Die Beeinträchtigungen des Kindes verstärken sich negativ, wenn Eltern auf die ärztliche Diagnose verzichten. Schulische Probleme ergeben sich dann durch das hyperaktive und ruppige Verhalten, weshalb bei nicht erstelltem Befund diese Kinder mit ADHS stigmatisiert und falsch behandelt werden. Asperger-Kinder weisen jedoch eine überdurchschnittliche Intelligenz auf. Sofern die Diagnose frühzeitig gestellt wird, kann das Kind, trotz des Defizits, seine Talente voll entfalten.
Wann sollte man zum Arzt gehen?
Bei dem Verdacht auf das Asperger-Syndrom sollte unbedingt ein Arzt zurate gezogen werden.
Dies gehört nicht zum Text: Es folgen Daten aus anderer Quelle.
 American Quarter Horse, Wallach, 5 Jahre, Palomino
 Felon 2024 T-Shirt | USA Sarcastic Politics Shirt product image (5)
Durch eine Diagnose der Entwicklungsstörung kann dem Betroffenen fast immer ein einfacheres Leben ermöglicht werden – sei es durch diverse Therapiemaßnahmen oder durch eine entsprechende Medikation. Wer bei seinem Kind Symptome des Asperger-Syndroms bemerkt, sollte also in jedem Fall medizinische Hilfe suchen. Je nach Ausprägung der Störung kann ein unbehandeltes Asperger-Syndrom große Probleme im Alltag und Beruf verursachen.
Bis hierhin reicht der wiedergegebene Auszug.